Your instructions:
For each entry, return the text exactly and omit any image.

====== Records supplied

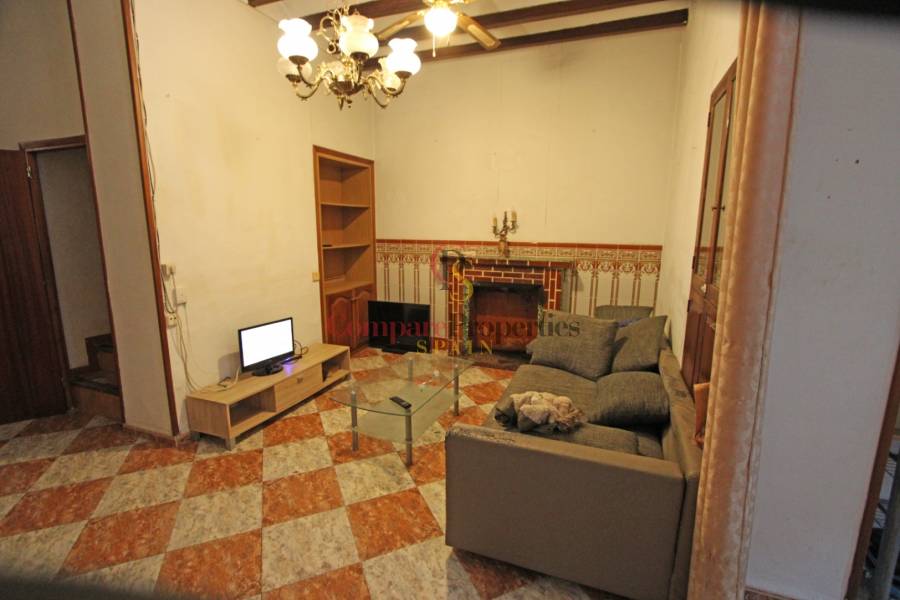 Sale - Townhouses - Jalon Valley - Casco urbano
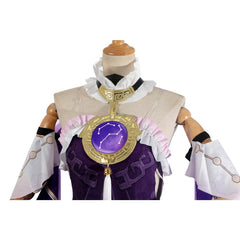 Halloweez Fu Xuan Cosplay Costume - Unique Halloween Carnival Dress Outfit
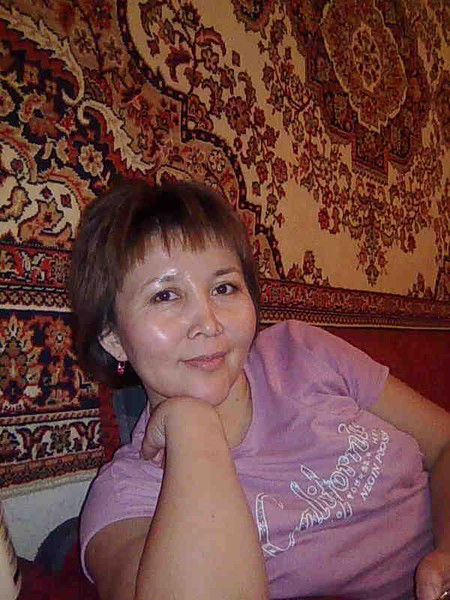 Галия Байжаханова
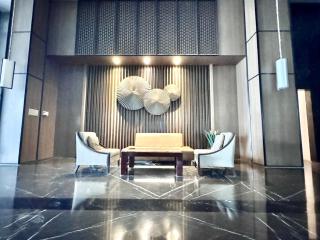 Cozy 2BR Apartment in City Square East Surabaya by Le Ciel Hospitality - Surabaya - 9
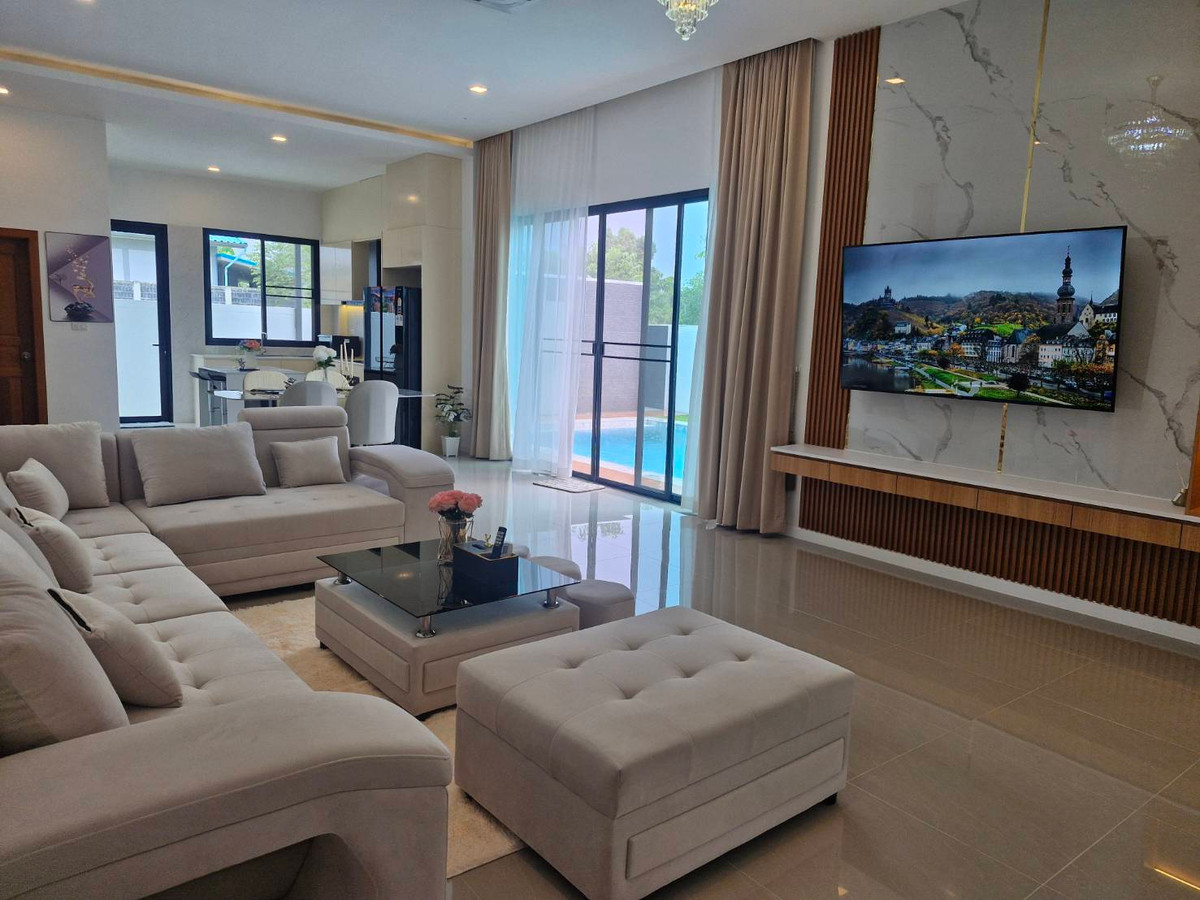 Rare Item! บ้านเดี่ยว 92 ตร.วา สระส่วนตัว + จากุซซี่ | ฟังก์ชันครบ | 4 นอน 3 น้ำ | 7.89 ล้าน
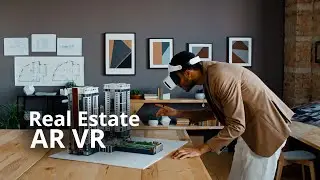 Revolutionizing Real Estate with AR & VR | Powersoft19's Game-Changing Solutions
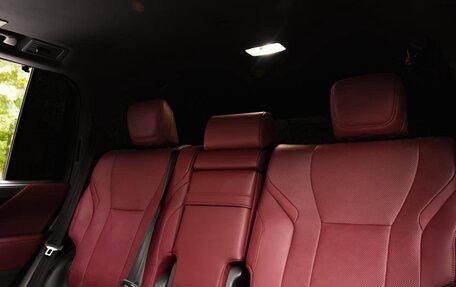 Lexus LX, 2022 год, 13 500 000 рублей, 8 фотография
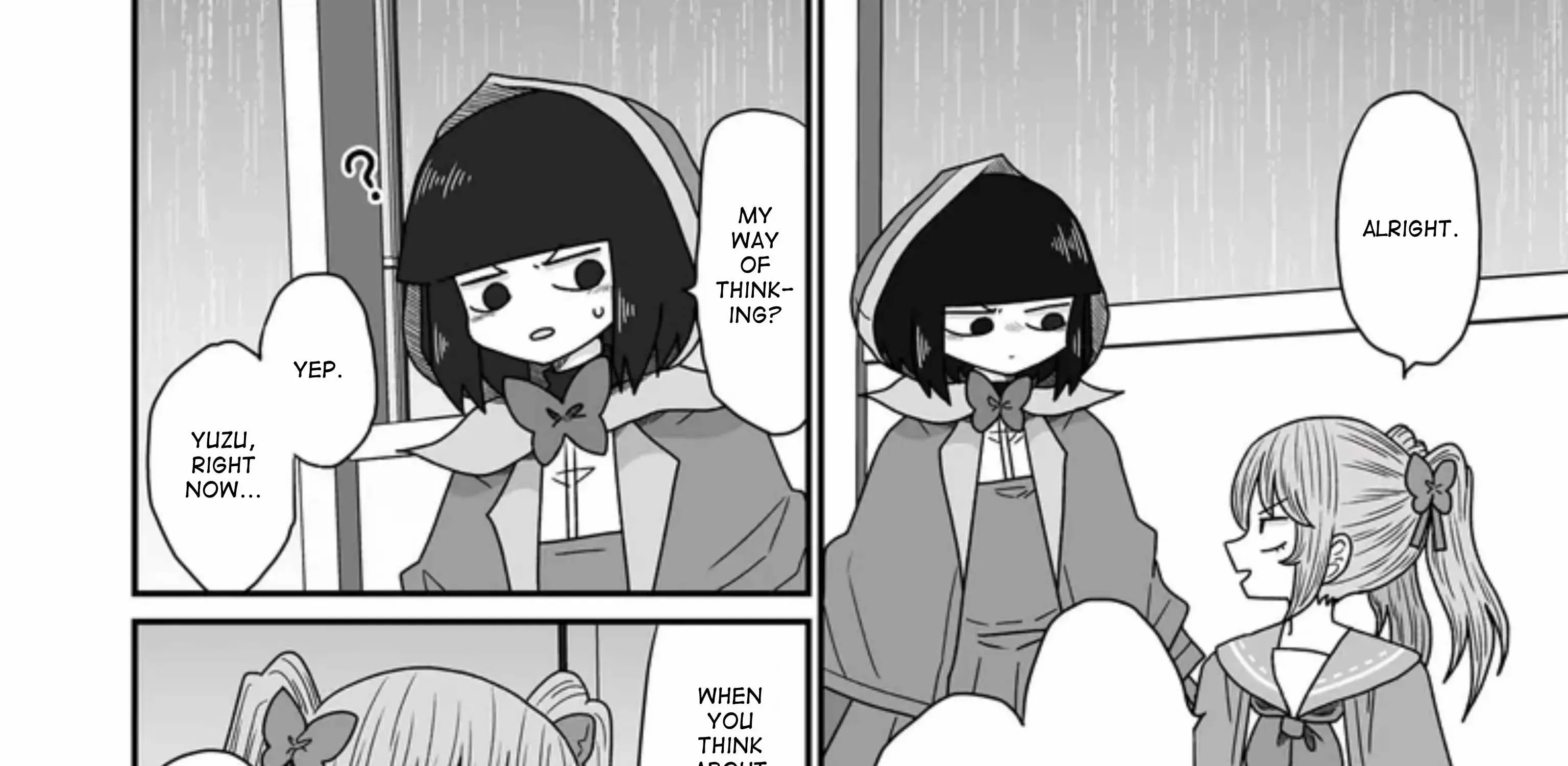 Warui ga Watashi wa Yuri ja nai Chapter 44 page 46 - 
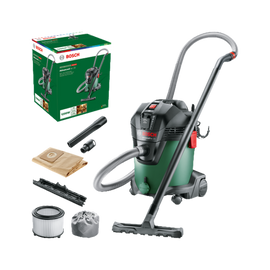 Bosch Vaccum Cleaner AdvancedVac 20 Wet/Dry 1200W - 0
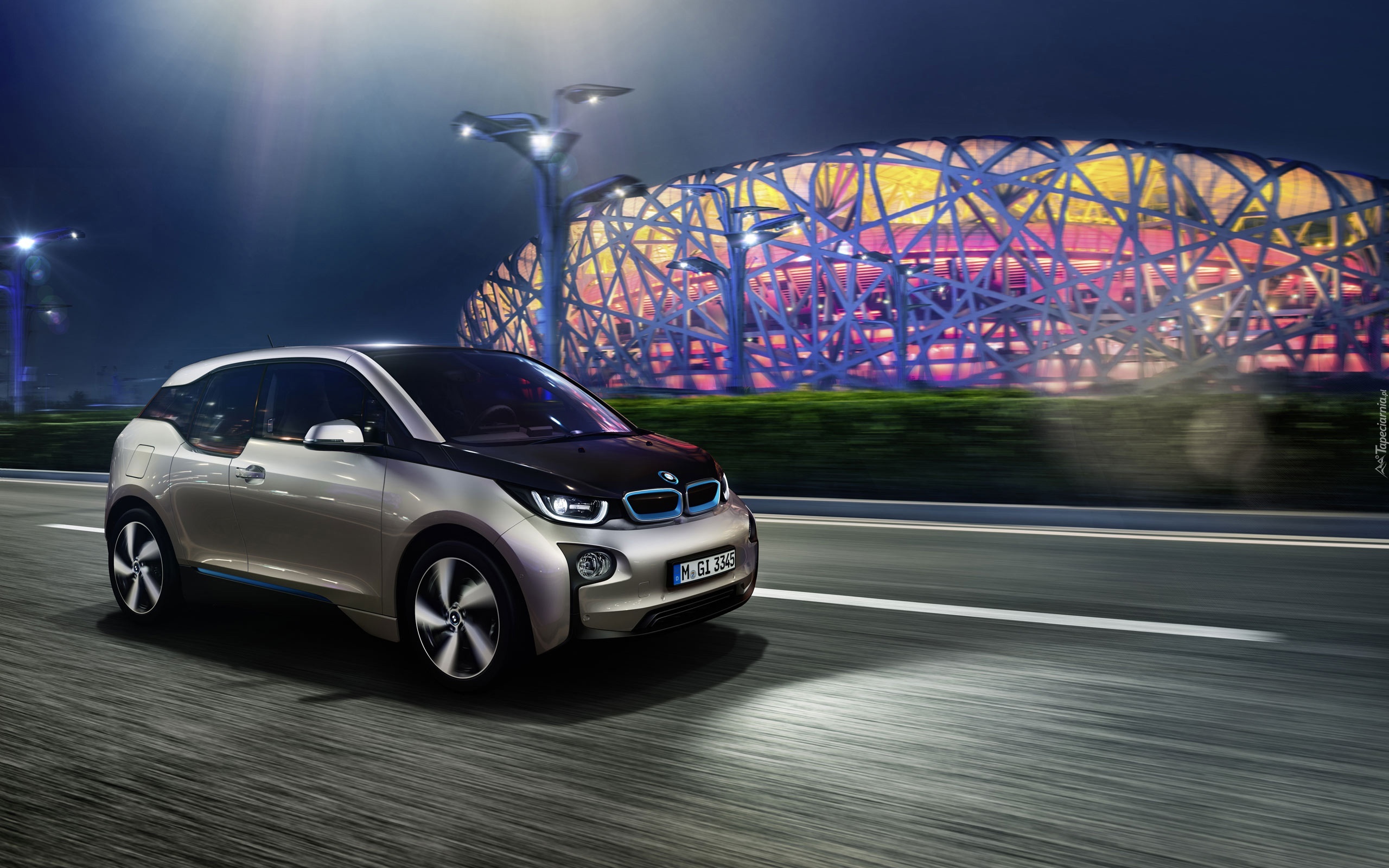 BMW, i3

============

Solution to this problem:
 Sale - Townhouses - Jalon Valley - Casco urbano
 Halloweez Fu Xuan Cosplay Costume - Unique Halloween Carnival Dress Outfit
 Галия Байжаханова
 Cozy 2BR Apartment in City Square East Surabaya by Le Ciel Hospitality - Surabaya - 9
 Rare Item! บ้านเดี่ยว 92 ตร.วา สระส่วนตัว + จากุซซี่ | ฟังก์ชันครบ | 4 นอน 3 น้ำ | 7.89 ล้าน
 Revolutionizing Real Estate with AR & VR | Powersoft19's Game-Changing Solutions
 Lexus LX, 2022 год, 13 500 000 рублей, 8 фотография
 Warui ga Watashi wa Yuri ja nai Chapter 44 page 46 - 
 Bosch Vaccum Cleaner AdvancedVac 20 Wet/Dry 1200W - 0
 BMW, i3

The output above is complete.